Se han invertido los roles entre los humanos y los animales y son los humanos quienes son enviados a un matadero para ser convertidos en alimento.
No hay espacio para la esperanza y la vida es mostrada de la manera más cruda y sin explicaciones.
Los animales son presentados como los dioses egipcios: antropomórficos, con cuerpo humano y la cabeza del animal. Entre los animales hay un perro que organiza “peleas de humanos”, un buey que trabaja en el matadero y un ciervo que caza humanos.

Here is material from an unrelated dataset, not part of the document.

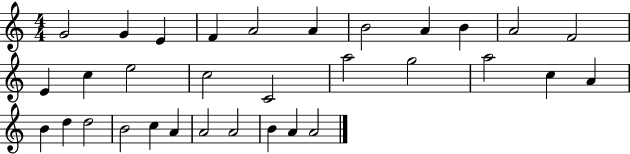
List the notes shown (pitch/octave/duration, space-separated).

El filme jamás oculta que es una alegoría del trato que reciben los animales por parte de los humanos y el mensaje se da a través de las imágenes, sin diálogos: directo a la yugular.
La fortaleza de la película radica en el excelente trabajo de los fotógrafos Kevin Brunet y Emmanuel Dauchy, logrando mostrar un paisaje azul, lúgubre y con una neblina que busca envolver el lugar constantemente. La neblina se siente como la barrera que cruza el espectador para llegar a ese mundo onírico.
La película dura apenas una hora y aún así se siente lenta; se pudo beneficiar de una duración más corta, pero logra dar su mensaje sin caer en pregones baratos.